=== Section Start ===

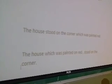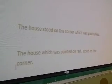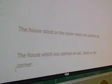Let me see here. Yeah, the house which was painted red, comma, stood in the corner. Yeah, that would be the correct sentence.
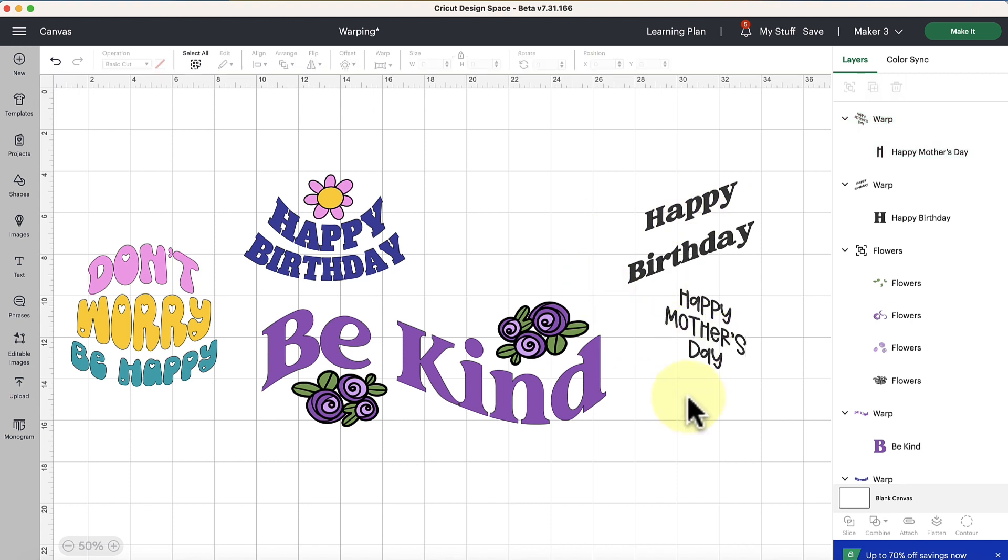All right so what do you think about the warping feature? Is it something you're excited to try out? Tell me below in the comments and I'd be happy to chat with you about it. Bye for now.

=== Section End ===
=== Section Start ===

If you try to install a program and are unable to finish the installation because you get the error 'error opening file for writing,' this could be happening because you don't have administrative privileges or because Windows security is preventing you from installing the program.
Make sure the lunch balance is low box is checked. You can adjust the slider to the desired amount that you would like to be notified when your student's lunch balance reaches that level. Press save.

=== Section End ===

*WORK ITEM:*
Within the listing above, copy exactly the lines that start at the one with "Let me see here." and continue through the one with "All right so". Omit pictures.

*EXPECTED ANSWER:*
Let me see here. Yeah, the house which was painted red, comma, stood in the corner. Yeah, that would be the correct sentence.
All right so what do you think about the warping feature? Is it something you're excited to try out? Tell me below in the comments and I'd be happy to chat with you about it. Bye for now.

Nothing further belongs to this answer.